# Source data:
※ ※ ※

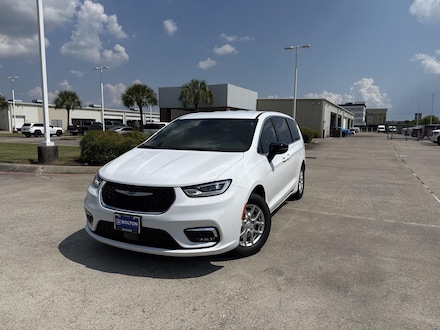 2026 Chrysler Pacifica Select Passenger Van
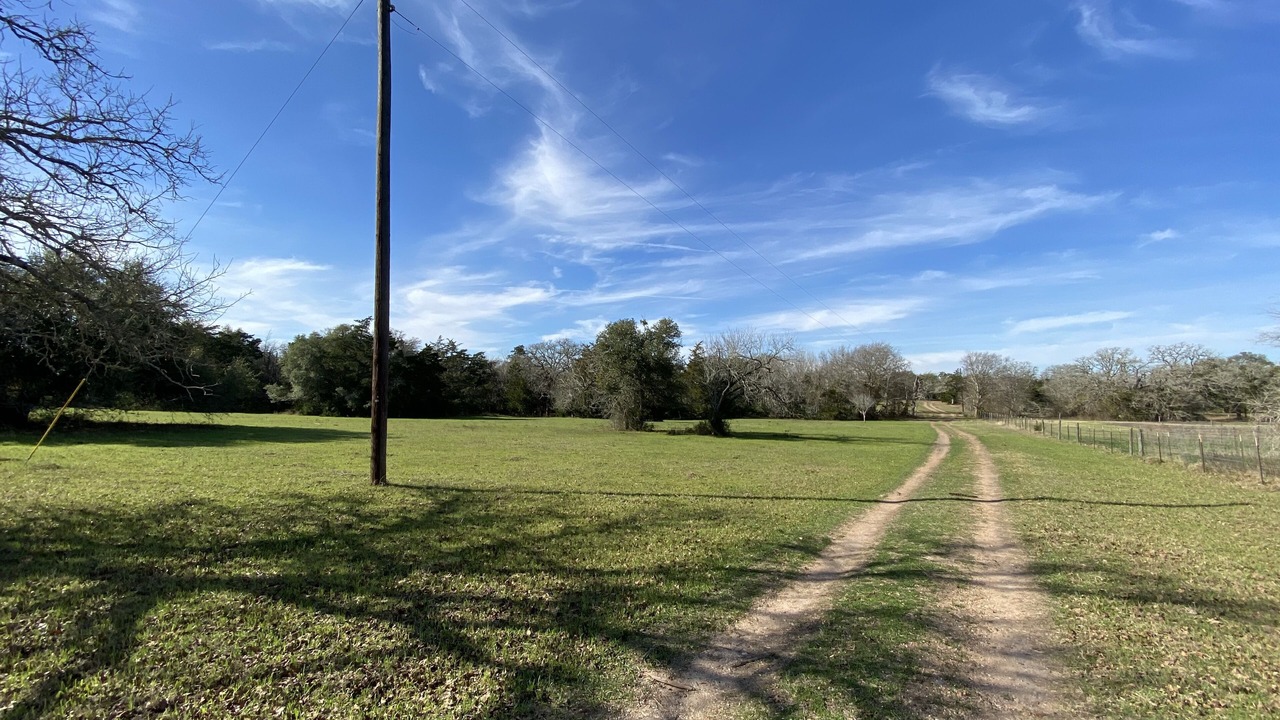 Photo of Outdoor in Flatonia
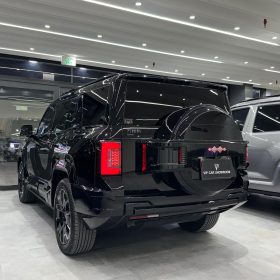 2025 BYD LEOPARD 8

※ ※ ※

# Assignment:
The response is the full listing, copied exactly, with the pictures omitted.

# Response area:
 2026 Chrysler Pacifica Select Passenger Van
 Photo of Outdoor in Flatonia
 2025 BYD LEOPARD 8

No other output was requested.